For full Siemens PLC data access, every tag has to be reachable – yet the densest controllers hold more than the built-in server is sized to expose. Take a case we ran into in the field: a Siemens S7-1200 holding over 18,000 tags. The customer connected via OPC UA and the first couple of thousand tags flowed – then the count stopped just under 2,000. That is the server’s node cap, the number of tags it can expose. Live updates are a separate budget: about 1,000 monitored items at 1,000 ms sampling, dropping to roughly 100 when you need 100 to 500 ms. The remaining 16,000 tags were healthy and present, but they sat just past what the built-in server is sized to expose. For complex datatypes, it falls further still – to a few variables.

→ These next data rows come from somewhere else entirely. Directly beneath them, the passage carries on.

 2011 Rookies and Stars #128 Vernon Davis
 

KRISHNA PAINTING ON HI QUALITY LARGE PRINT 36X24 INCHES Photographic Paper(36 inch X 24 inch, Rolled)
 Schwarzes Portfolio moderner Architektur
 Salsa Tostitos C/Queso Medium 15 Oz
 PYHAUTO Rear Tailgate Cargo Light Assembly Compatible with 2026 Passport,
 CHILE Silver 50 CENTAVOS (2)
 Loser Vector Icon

Not enough for modern, data-rich production environments.

For a decision-maker, those locked tags aren’t just a technical hurdle; they are a blind spot. Your historian, MES and analytics dashboards can only optimize what they can see. In complex batch plants, the variables out of reach are often the ones that matter most: yield, energy efficiency and quality metrics. The breakthrough? The customer didn’t have to touch the controller. They simply opened the second path: native S7plus.

Getting Siemens data into MQTT isn’t a connector question, it’s an architecture decision: one path leaves tags behind, two paths leave nothing on the shopfloor.

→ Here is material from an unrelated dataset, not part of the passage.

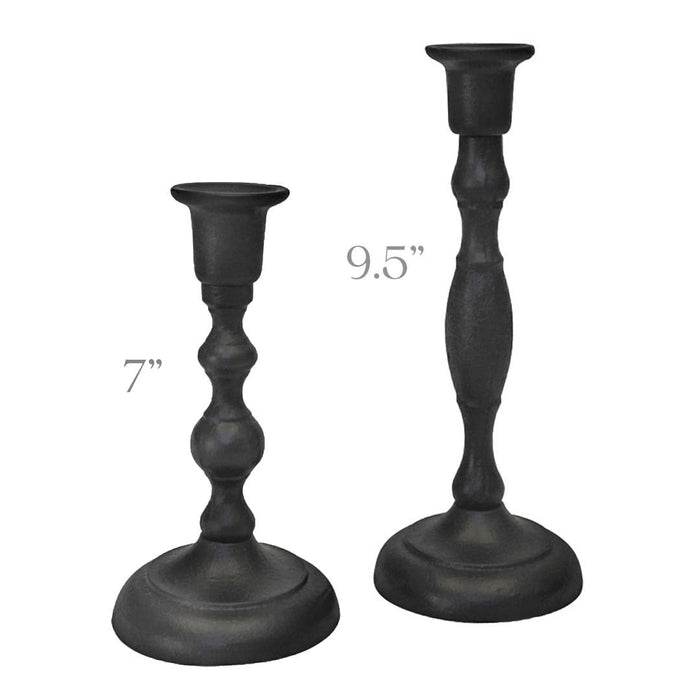 Cast Iron Taper Candle Holders - Heirloom Quality, Handmade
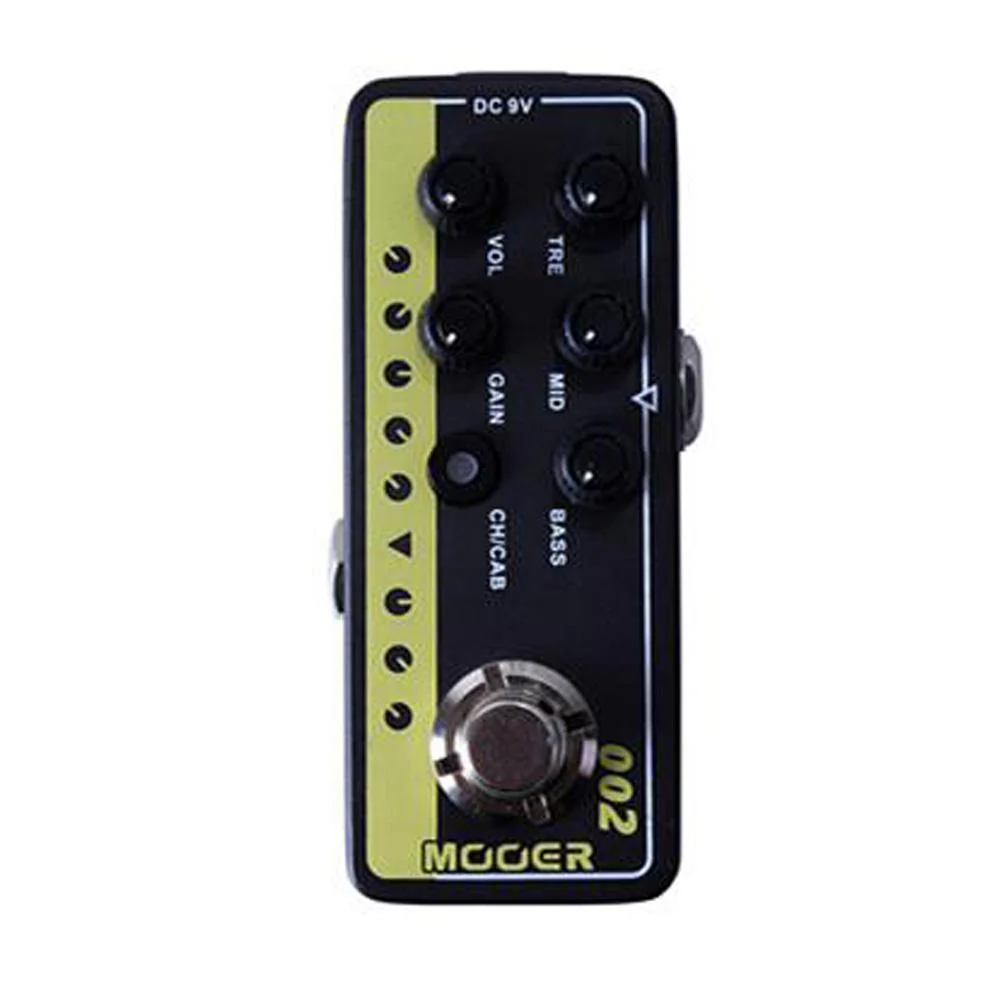 Mooer 002-UK Gold 900 Delay Reverb Effects Pre Amp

— Dr. Diwaker Jha, Industrial Connectivity Expert, Cybus

OPC UA and S7plus: Two Paths from Siemens PLC to MQTT

Split the Controller, or Open a Second Path with S7plus

The traditional way past these limits is painful: “split” the controller. This involves adding new CPUs, spreading the logic across them and then performing a complete rewiring and revalidation. It is a capital-intensive project that demands significant downtime. 

A Factory Data Hub approach changes the math. By using S7plus – Siemens’ own native, high-speed protocol – you gain full visibility into the existing hardware. You keep the same CPU and the same program. You simply choose the right path for the volume of data required. Connectware speaks both, allowing you to lead with OPC UA and transition to S7plus as your data needs scale.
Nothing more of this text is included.